Shareholder Activism


Shareholder activism continues to grow, and the statistics are striking. Over the last five years, activists have prevailed in 45 percent of disputes with companies. In many recent proxy contests and activist campaigns, companies have found themselves vulnerable to the latest tactics employed by hedge funds and other activist shareholders seeking to exert substantial influence over the company’s day-to-day operations, with the “stated” overall goal of enhancing shareholder value.

There is not much you can do to prevent an activist shareholder from accumulating a significant position in your company’s stock. However, your ability to forestall or prevail in a contested solicitation or other campaign depends on whether you have received insightful, strategic, and practical advice.

Blank Rome’s shareholder activism team includes attorneys from our New York; Washington, D.C.; Philadelphia; and Wilmington offices—focused on assisting you in developing a comprehensive strategy to prepare for, avoid, and respond to these threats. 

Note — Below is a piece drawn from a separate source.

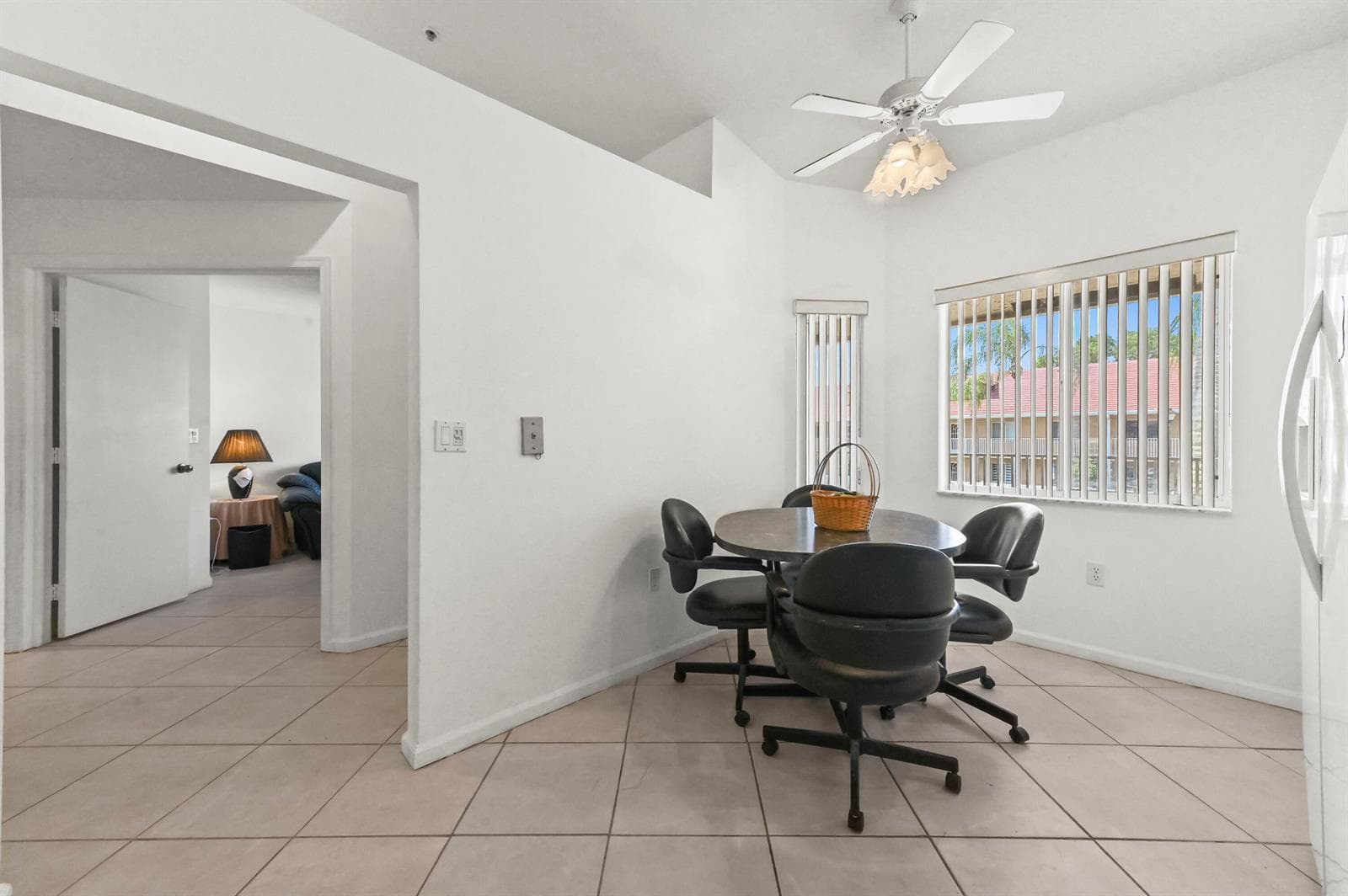 5952 Regal Glen Drive # 207, Boynton Beach, FL 33437 photo 3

Whether performing a comprehensive assessment of your vulnerabilities, advising your board and management on the best response to shareholder demands and proposals, or defending you in a proxy contest or consent solicitation initiated to replace a board of directors, we’ll work with you to assess the best approach that fits your specific situation.

How We Can Help

Preparation and Planning

One of the key factors in mounting a successful defense in a threatened or contested solicitation is early planning and thorough preparation. The starting place is understanding what might make you both vulnerable and attractive to an activist investor. 

As part of this review, we examine not only structural weaknesses that may exist in your bylaws and certificate of incorporation, but also nonstructural vulnerabilities that may result from your corporate governance practices, investor relations and public relations programs. During this assessment, we work closely with your management and, as appropriate, other external advisers, including investment banking, public relations, and investor relations firms.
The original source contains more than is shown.